Disaster has a sneak peak after calamity in Uttarakhand

10 Juillet 2013

After thousands of pilgrims were reported killed and several thousands more stranded with the rescue operations being impeded due to bad weather conditions, the state of Uttarakhand in Northern India was hit with mild earthquake of 3.5 in magnitude on the Richter scale.

Statue of god Shiva under water - Photo The Atlantic
Statue of god Shiva under water - Photo The Atlantic
Over the past 10 days, rescue operations have been carried out in full swing even with the army being brought into the loop. This state which plays host for many Hindu pilgrim spots including the famous Badrinath and Kedarnath witnessed a flash flood on June 16. Most of the places were cut off from all contact to the outside world. Of nearly 15,000 villages in the state, a little more than 300 could be accessed. Food packages were dropped to the stranded tourists and pilgrims apart from carrying out rescue operations. More than half of the pilgrims made their way back and as the flood starts receding gradually, the authorities are in the fear of finding more dead bodies. A phase of the mass burial for the victims was conducted with honours.

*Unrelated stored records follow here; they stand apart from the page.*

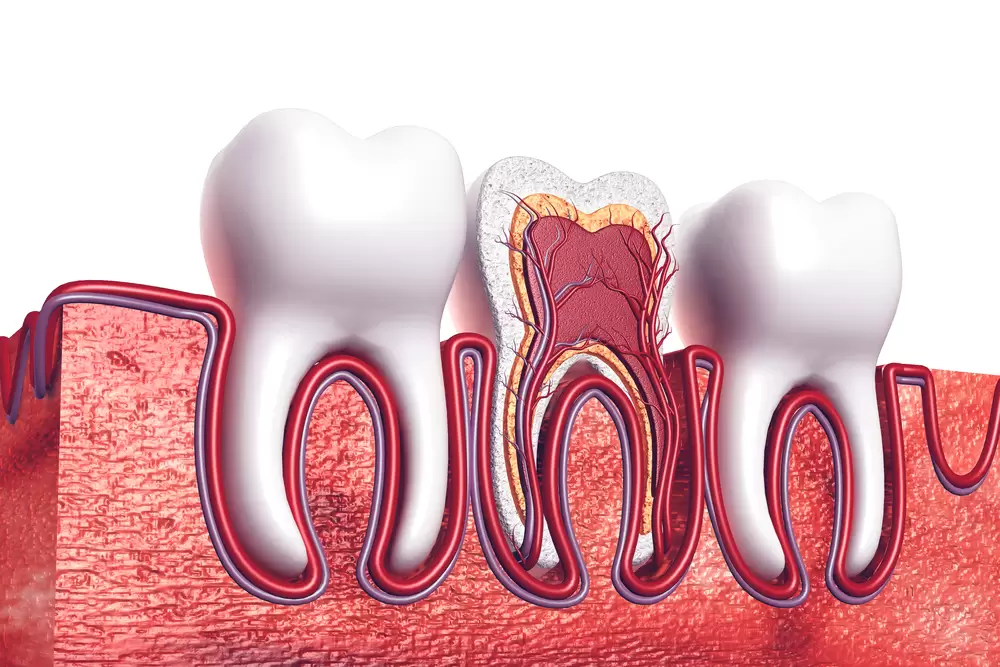 image graphic of root canal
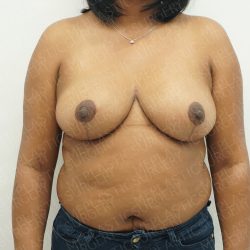 Breast Reduction Before & After Patient #3867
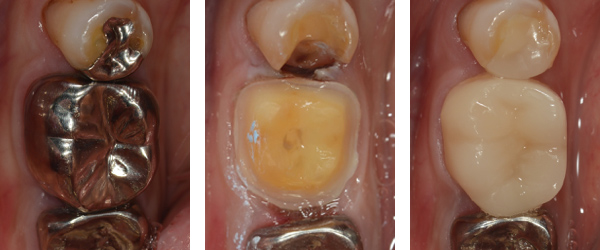 セレック治療の症例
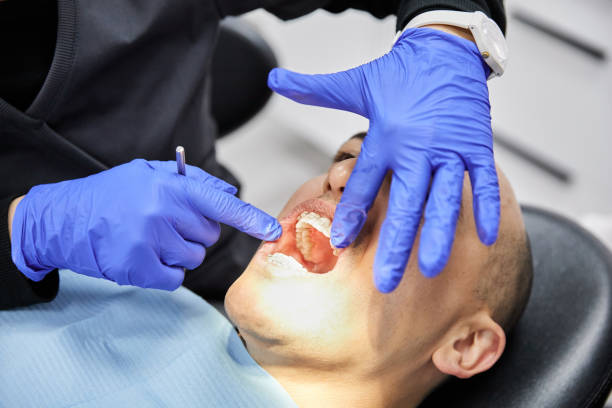Best Emergency Tooth Extraction in Parsippany, NJ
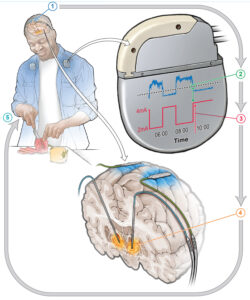 Illustration der Wirkweise des intelligenten Hirnschrittmachers
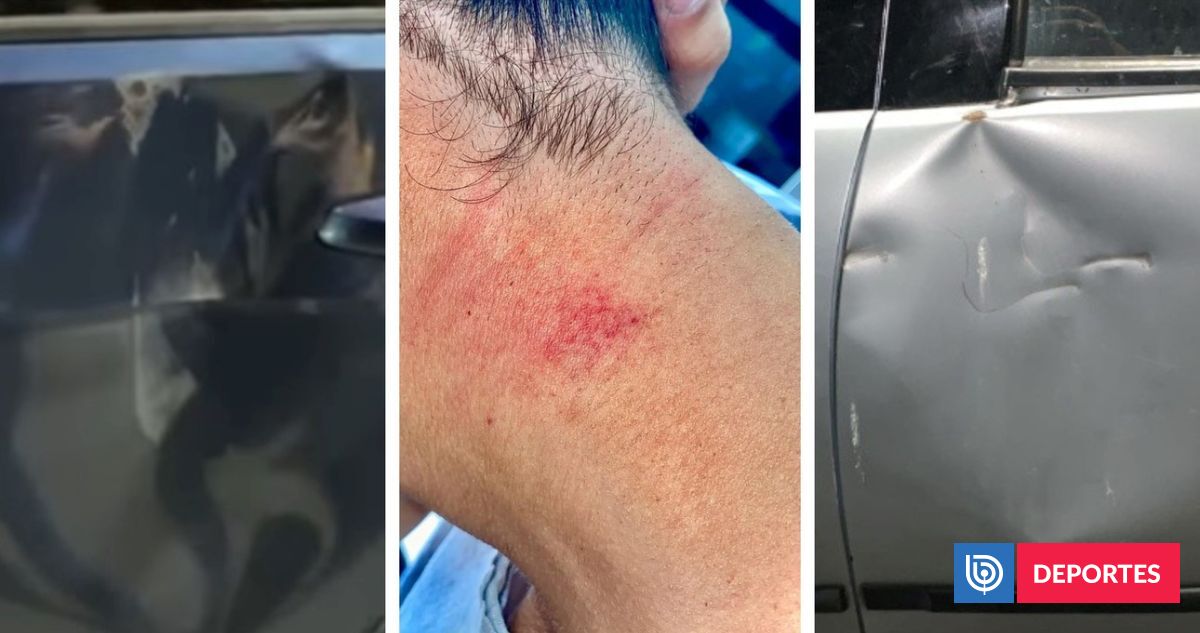 Escándalo en clásico Newell's-Rosario de futsal en Argentina: mordidas, autos rotos y denuncia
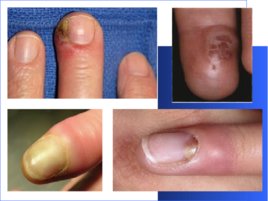 Гнойно-восполительные заболевания кожи и подкожной клетчатки у детей, слайд 17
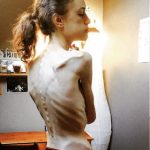 "Io, durante e dopo l'anoressia": la testimonianza in immagini di Emelle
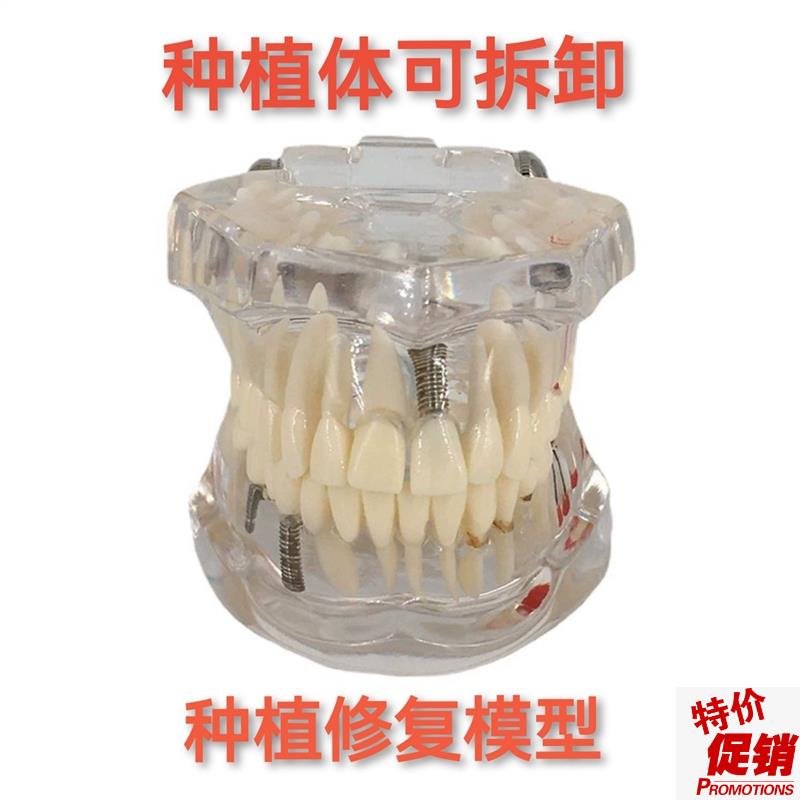 牙科材料修e复牙模型水晶病理牙模型活动种植牙模型包邮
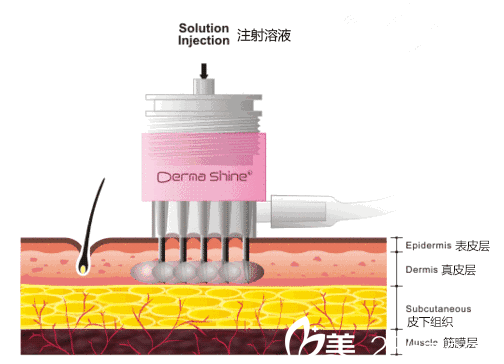 溶液注射層次圖 溶液注射層次圖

The politicians in their part made some attempts to politicize the issue. The incumbents, in particular resorted to political mud-slinging when the possible Prime Ministerial candidate for the BJP (Bharathiya Janata Party) aided in rescue of pilgrims in Uttarakhand. Some key political leaders even cynically labeled him as “Rambo” for his efforts in the rescue operation. 

A disaster on all-fronts

A few days into the rescue operations, the weather was increasingly worsening. During one such operation, a helicopter of the Indian Air Force (IAF) crashed down killing 20 people including defense personnel on board.
Adding to the woes of the rescue team which has faced quite a number of obstacles, a mild earthquake of magnitude 3.5 struck the state. The authorities have a reason to fear, as the state is categorized as a “high-risk” area. There is also a threat of landslides in hilly areas with the valleys being further affected.

Authorities have attributed a timeline of 3 years for the affected areas to be back to its normalcy. One higher bureaucrat from the state government also reflects on the non-adherence of rules while constructing buildings. The pilgrim spots of Kedarnath and Badrinath would also take time to rebuild, making it difficult for pilgrims who throng the place all around the year.

Setting the rescue and rehabilitation aside, there is a risk of an epidemic in the affected area. With the dead bodies stuck in the silt, there could be a decay intruding into the water bodies making it prone to diseases. The speaker of Uttarakhand’s assembly believes the death toll to reach as high as 10,000. However, the Chief Minister is ambiguous about the number of victims and attributes around 1,000 to be killed in the calamity. The news from centre is all the more different, with the Home Minister stating the number to be 900.

China, a bird of prey

The geographical area of Uttarakhand also does no good to the calamity with a threat of Chinese intrusion rising by the day. The state is a central sector of Sino-Indian border and makes up for 545 kms of the stretch of 4,057 kms. Due to the flood, Indian Army outposts and formations have practically become inaccessible. With the People’s Liberation Army (PLA) of China having the capability of mobilizing nearly 15,000 troops along the Line of Actual Control (LAC), India has to be on the high alert. Adding to the woes of the Army, communications to most outposts have been affected and very few outposts can be reached, even by foot or air.

With broken roads, bridges leave India’s northern frontier open to Chinese incursions. Reportedly, the Army is working overtime to rebuild the nation’s key infrastructure.